A adrenalina começa às 4h30 da madrugada. André prepara os equipamentos ao mesmo tempo que esquenta a água para o café. No carro já está uma cadeira pequena e o par de tênis é deixado de lado para que, no momento do clique, ele esteja inteiramente conectado com a terra.
São, no mínimo, quatro horas de espera da madrugada ao amanhecer para registrar belas imagens. É claro que nem sempre André volta para casa com a imagem que acreditava encontrar, mas no dia seguinte, naturalmente, a cena acontece.
“Muita gente me pergunta o porquê do horário. Para mim, as melhores fotos são ao amanhecer. Claro que fotos boas acontecem em qualquer hora do dia, mas o primeiro horário do dia tem sempre uma iluminação especial e, coincidentemente, Campo Grande te oferece uma gama de opções para fotografia de araras do caminho de casa até qualquer outra região da cidade”.
Foi com essa paciência que André registrou pela primeira vez uma arara híbrida e não parou mais. “Quando eu chorei, lembro que o motorista do jornal me chamou de mole e eu me dei conta que se não conseguisse registrar a beleza dessas araras, um dia, quem sabe, isso tudo poderia acabar. Eu não queria perdê-las”, diz.
Ano passado, um dos episódios mais marcantes foi parar nas páginas na National Geographic. André fotografou após horas de espera quatro canindé na disputa por um ninho em Campo Grande. “Eu fiquei em torno de duas horas fotografando um casal. Quando estava indo embora surgiu outro casal e eles passaram a disputar o ninho. Foi muito, muito surpreendente ver o lado selvagem das araras e ter a chance de entender a dinâmica do bicho”.
A cena de disputa durou cerca de 4 minutos e o fotógrafo clicou mais de 300 vezes até conquistar a fotografia que ilustra a capa desta matéria.
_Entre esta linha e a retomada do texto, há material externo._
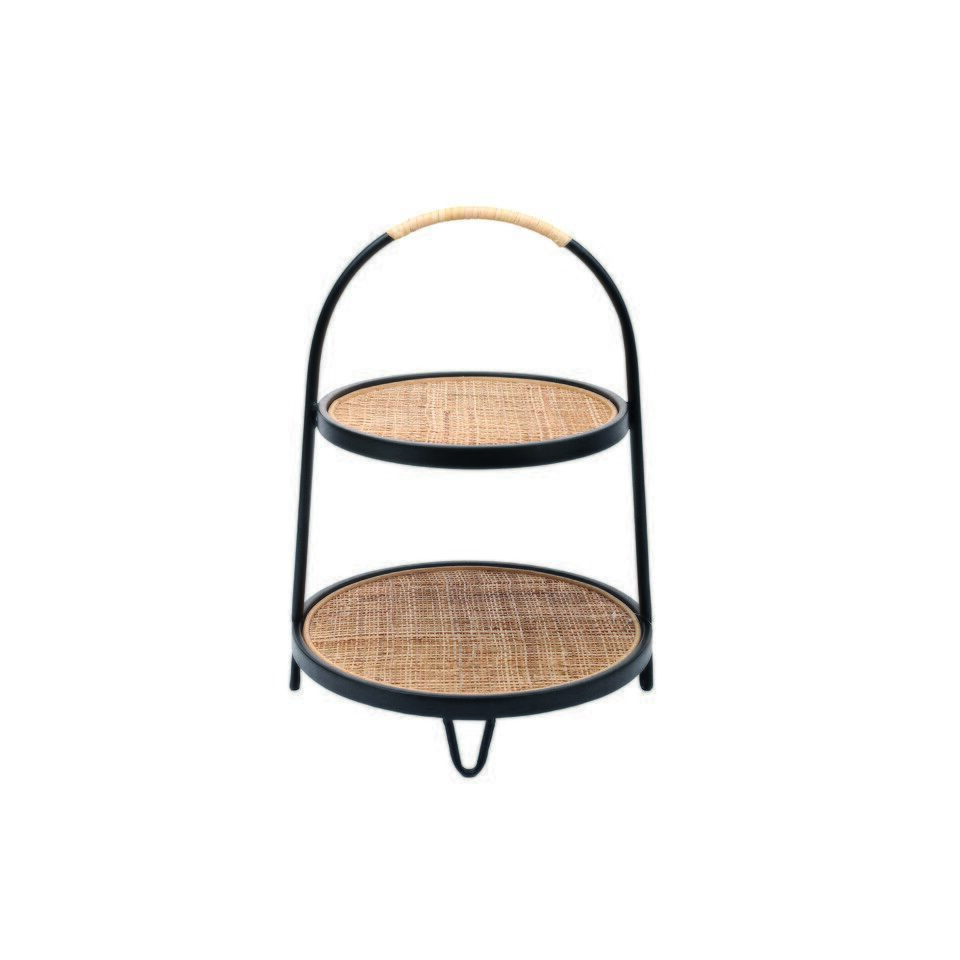 i-g2G3GXX-X2 Etagere Hudsonbay natur/schwarz 41cm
Investimento – Desde então André mudou de vida. Largou emprego fixo, carteira assinada e estabilidade profissional para viver de forma autônoma da fotografia. Dos trabalhos mais comerciais ao registro de araras, o que move o fotógrafo é o contato com a natureza. “Eu sempre quis levar essa vida de fotógrafo documental, mas o grande medo que a gente tem é o dinheiro e, no ano passado, um workshop realizado no Pantanal me mostrou que eu posso e devo investir naquilo que eu acredito, que é a natureza”.
André passou um fim de semana aprendendo e fotografando ao lado de Araquém Alcântara, fotógrafo de natureza no Brasil e considerado um dos mais importantes fotógrafos da atualidade. “Araquém é um ídolo e me mostrou que há inúmeras possibilidade de ganhar dinheiro com a fotografia documental, podendo levar essas imagens para o mundo. Coisas que eu não teria se tivesse engaiolado no serviço de carteira assinada”.
Embora André estude diariamente técnicas para uma boa fotografia, uma boa foto vem também do inconsciente, acredita. “A gente fica muito aficionado em investir em equipamento. Mas muito mais importante é investir em estudo e sensibilidade. O que mudou minha vida e essa vontade de fotografar os bichos é acreditar todos os dias no olhar e no sentimento que eu tenho pela natureza”, ensina.